Douglas Maxwell introduces the ALLIANCE's ALISS programme 'volunteer crowdsourcing' initiative.

It’s the final day of Volunteers Week Scotland 2017 and the ALISS Programme wanted to go out with a bang! Today we are launching our new approach to volunteering that will enable everyone to volunteer with ALISS – Volunteer Crowdsourcing. Interested?

A day when it all clicked into place…

You know the feeling, you’re wanting to get an idea down onto paper, thinking about it, trying to plan for it, looking to test it, but you just can’t do it. A piece of the jigsaw is missing and no matter how hard you look or think you just can’t find it. Well for a few weeks that’s been me and it wasn’t until the ALLIANCE conference that I found the missing piece in the lived experience of one person.

I met Derek at a session on homelessness and its impact on health and it was his inspirational and articulate words that finally made me see and feel the missing part of my jigsaw. You can, no, in fact, you must hear his story here… but it was one thing he said that allowed my own thoughts to combine and fall into place. He was asked why, after years of homelessness and mental and physical pain, he walked through the doors of the Glasgow Homelessness Network (GHN) office? His reply was he’d seen an advert for GHN with the words “by the community, for the community”. Finally, these were the words that I was looking for, the last piece of my jigsaw!

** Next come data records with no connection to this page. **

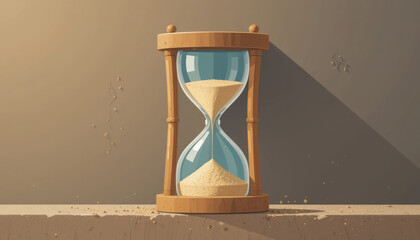 Classic Hourglass with Sand on Wooden Base Against a Subtle Gray Wall for Time Concept and Reflection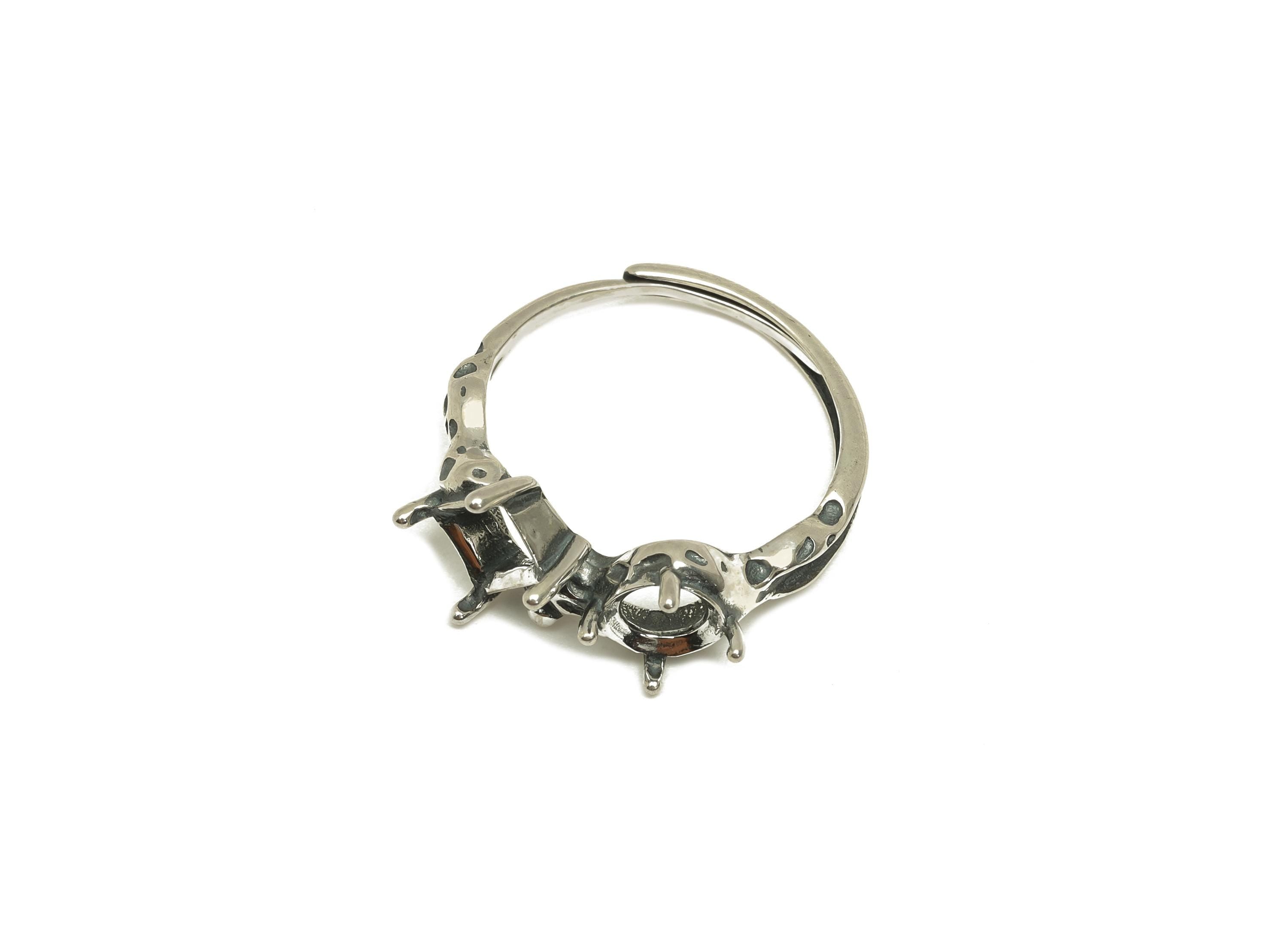 Adjustable Ring Setting - 4x6mm Rectangle Frame Ring - 5x5mm Round Vintage Hoop Ring - 925 Silver Sterling Silver - RGP7385 - DOMEDBAZAAR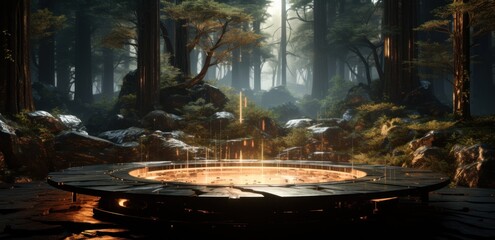 an animated table in the forest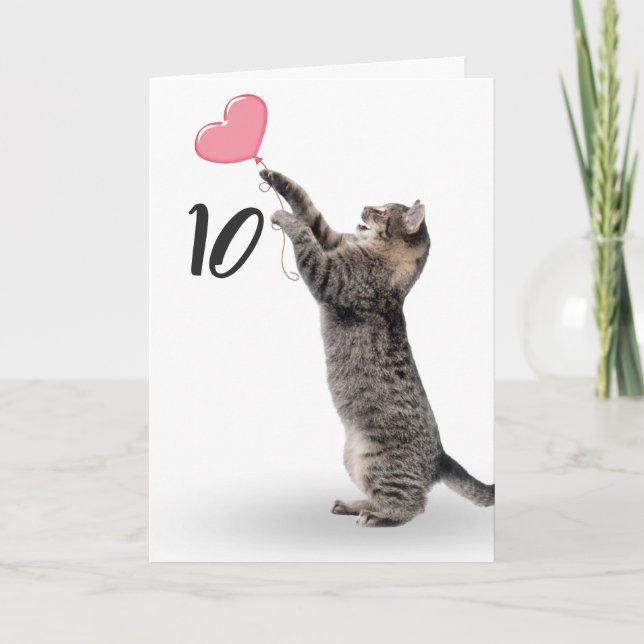 Carte chat tabby 10e anniversaire (Devant)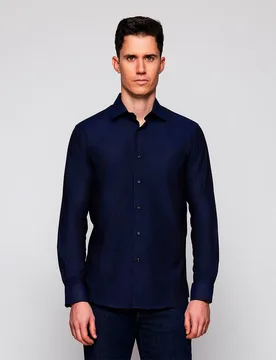 Camisa de hombre vestir manga larga micro estructura - Mirto - FashionsVida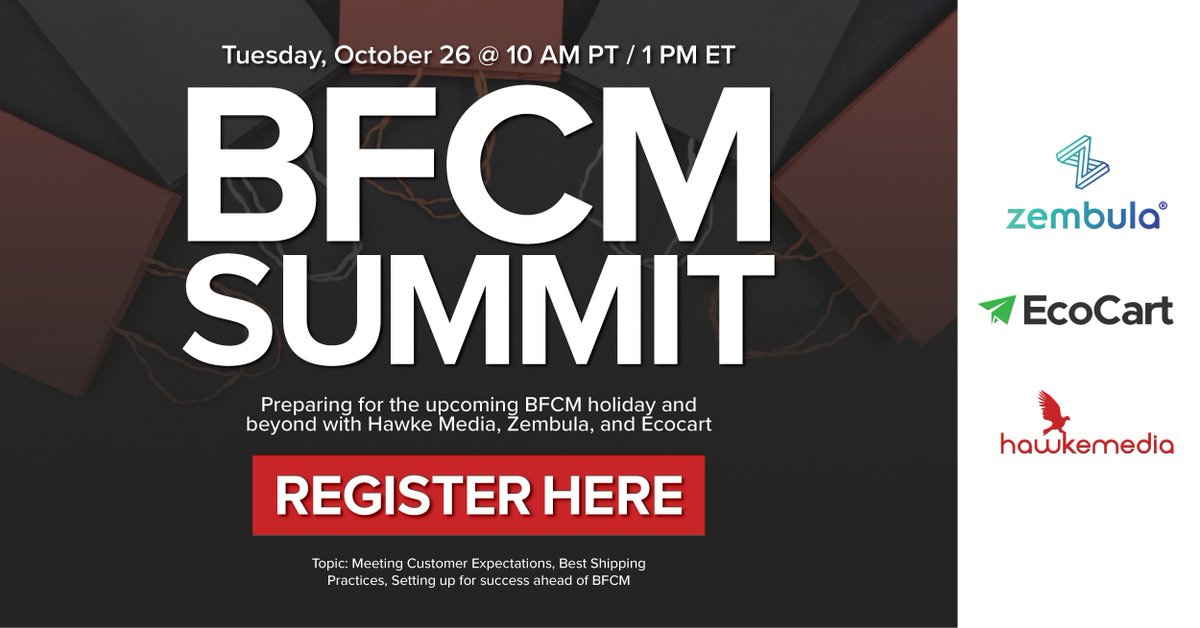 We're joining our friends at <a href="/hawkemedia/">Hawke Media</a> at the BFCM Virtual Summit next week!

Black Friday &amp; Cyber Monday are just around the corner, now is the perfect time to iron out those last minute details. Join us on Tuesday, October 26 at 10 AM PT/1 PM ET

buff.ly/3lZK95P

But it’s easy to say words, the real effort comes in delivering and that’s why we’ll take Derek’s words and use them as a principle for ALISS. We’ll use the principle; that people in a community are best placed to know what’s best for that community, in the development of our new approach to finding and sharing great local information that supports health and wellbeing. Because the reality is that people’s lives can be positively impacted by having access to information that’s up to date, easily accessible, easily understood and relevant to their needs and aspirations. ALISS is the way to create the link between people’s needs, their strengths and their local community or community of interest. Our new volunteering programme seeks to bring all this together.

Now I’ve a confession to make here, we’re going to use a method that’s tried and tested, where a community of passionate and considerate people get together and care about up to date, accessible and easily understood information. Now you may have heard of Wikipedia, and if not, it’s just the biggest and most successful collaboration of global citizens who have volunteered their time and energy to make sure that the information they care about is as best as it can be. This voluntary crowdsourcing of information and knowledge is not the future, it’s here. You just need to check out websites like BBC microvolunteering and Galaxy Zoo to see that this approach is becoming the new norm in volunteering. That’s why we’re launching our new approach to volunteering.

Our volunteer crowdsourcing programme will:

  • Make it easy to volunteer; if you only have 5 minutes spare you can help your community by “adding great local activities and services that mean something to you and you would love other people to know about”.
  • Value the principle that the people who work in local activities and services and the people who use them are the best people to know about them.
  • Offer you different ways to contribute to your local community.

But most important is that by opening up the information on services and activities that can help you live well we get a wider range of views on the quality and suitability of the activities on ALISS and get real local experience to help make the information the best it can be. So if you’re asking yourself the question; how will they get people to volunteer to help keep local information up to date?

Let me describe my volunteering: I volunteer to help keep local information up to date and I spend between 10 – 30 minutes each week volunteering. I volunteer on the train, at home or anywhere I choose; I volunteer for Google Maps as a “Local Guide”. I check and update local information in and around Falkirk. Why? Because I want people who use Google Maps to discover the places that I like. So when you realise that today there are 17,500 “Edinburgh Local Guides” or let’s just call them what they really are, volunteers helping Google Maps keep local information up to date I see real possibilities for ALISS and our passion to help make great local information open to all.